As part of the shortlisting process, recruiters typically head to LinkedIn to check out applicants' LinkedIn profiles. With 17 million LinkedIn users in the UK alone, and two new members per second worldwide, a well-crafted profile is clearly a crucial part of the job-seeker's toolkit - and one that Fill Recruitment takes very seriously, explains the Founder, Jonathan Wilks...

Make the shortlist with a winning LinkedIn profile

How important is a LinkedIn profile?

In today’s ridiculously competitive marketplace, recruitment agencies are not only looking for the best people, they want to find them as painlessly and efficiently as possible. A well put-together LinkedIn profile not only separates the excellent from the average but can also determine the winner when it comes to a photo finish. 

At Fill Recruitment we often head straight for LinkedIn on receipt of a new CV – firstly to ensure the candidate actually has a profile. We know from experience that, without one, some clients won’t even consider a candidate for interview, particularly if it’s a digital role that’s being advertised. And secondly to see what other people say about them, how they are rated and what skills their peers agree they have.
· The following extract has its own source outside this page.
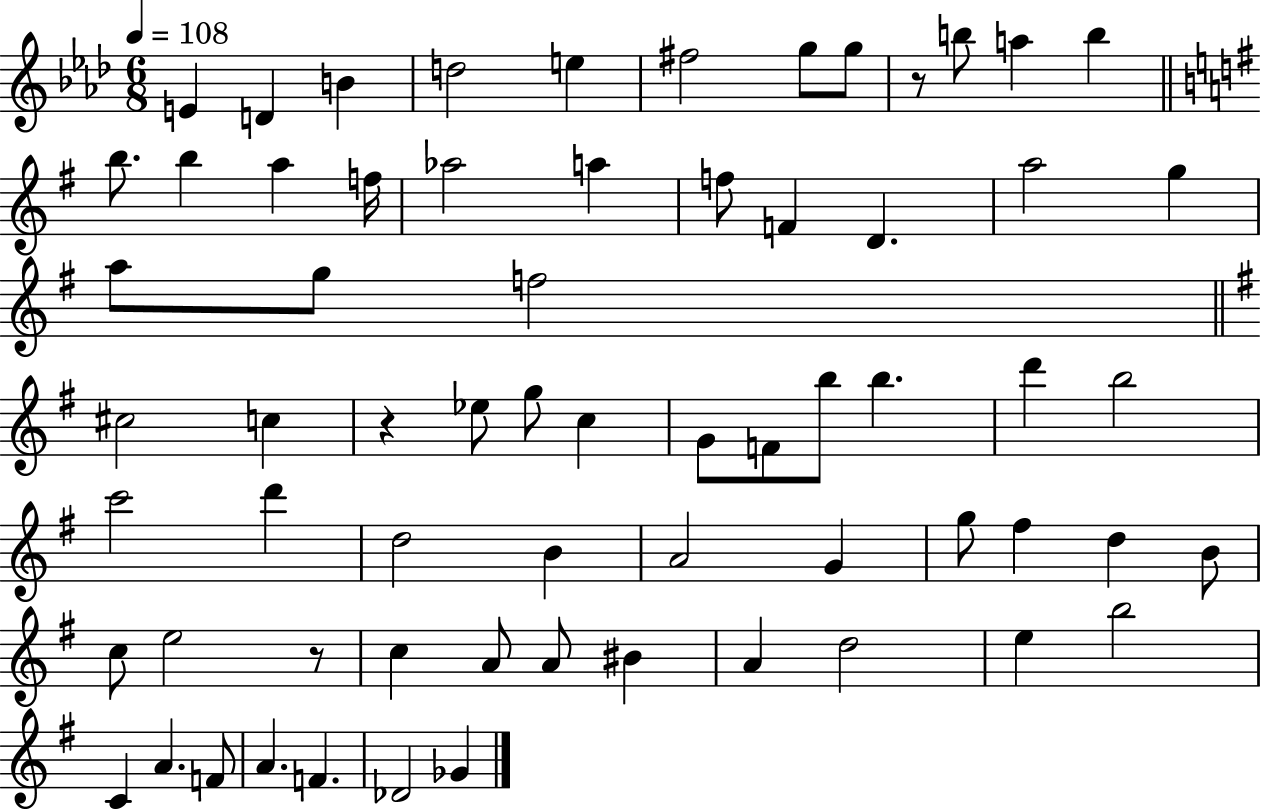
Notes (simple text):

In essence we use the site as another way of profiling a potential employee in our quest to proffer the best candidates to our clients. It can also provide an insight into how professional they are and how much interest they show in our industry – in terms of the groups that they follow and the postings that they have made or liked.

Candidates are usually advised to keep the length of a CV to no more than three pages and to concentrate on their most recent experience, whereas a LinkedIn profile can showcase your complete employment history including skills that might not be immediately apparent on paper.

It allows you to paint a picture of yourself as a whole person, rather than the traditional collection of dates and buzzwords on a CV. And without the one-upmanship brought about by fancy design, LinkedIn’s standardised format with its lack of unnecessary bells and whistles does, to some extent, level the playing field. 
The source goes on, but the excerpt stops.